Task to complete
An exact transcription is needed, beginning at the line with "Customers use bank" and ending at the last line of the listing, with pictures left out and nothing else added.

Data shown
---+---
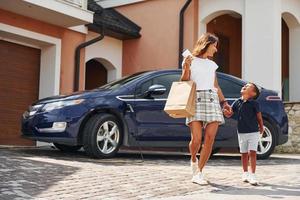 With shopping bags. Woman with little boy near the the modern automobile at daytime photo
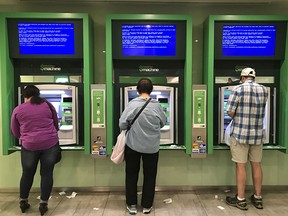 Customers use bank ATM cash machines in Toronto. Banks, authorized foreign banks and federal credit unions must now comply with new rules in dealing with customers.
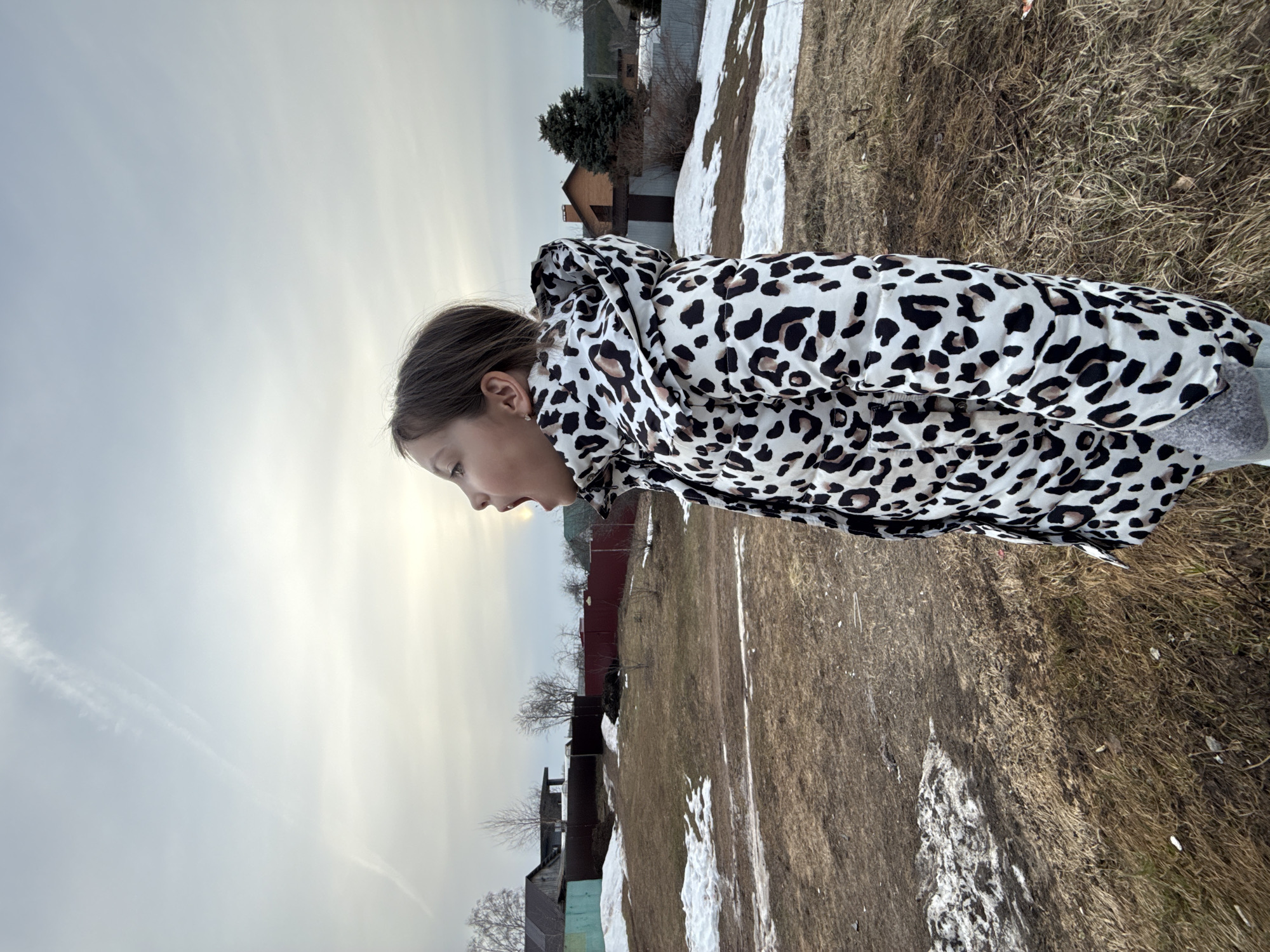 A young girl stands in a grassy field with patches of snow in Votkinsk, Russia. She is wearing a white and black leopard-print jacket with the hood up. Her head is angled down. Behind her are houses with metal roofs and trees with bare branches. The sky is overcast with thin, streaky clouds. The ground is covered in a mixture of dry grass, dirt, and melting snow.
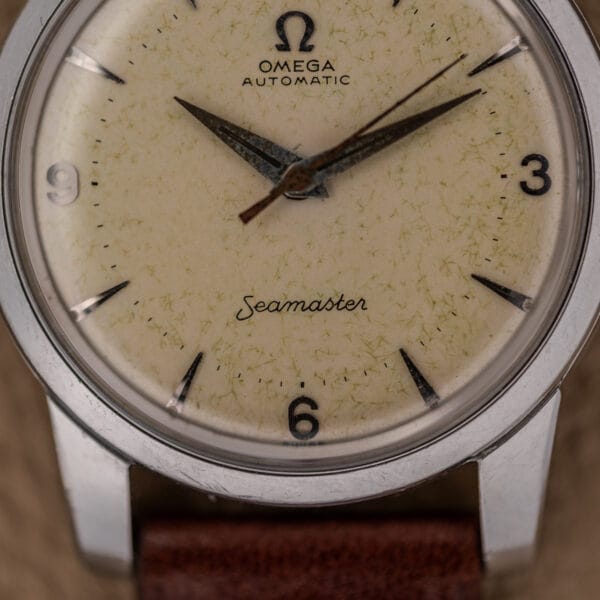 Close-up of the Omega Automatic Seamaster Ref. 2846-2848 in stainless steel, featuring a cream dial, Cal. 500 movement, and a brown leather strap.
---+---
Reply
 Customers use bank ATM cash machines in Toronto. Banks, authorized foreign banks and federal credit unions must now comply with new rules in dealing with customers.
 A young girl stands in a grassy field with patches of snow in Votkinsk, Russia. She is wearing a white and black leopard-print jacket with the hood up. Her head is angled down. Behind her are houses with metal roofs and trees with bare branches. The sky is overcast with thin, streaky clouds. The ground is covered in a mixture of dry grass, dirt, and melting snow.
 Close-up of the Omega Automatic Seamaster Ref. 2846-2848 in stainless steel, featuring a cream dial, Cal. 500 movement, and a brown leather strap.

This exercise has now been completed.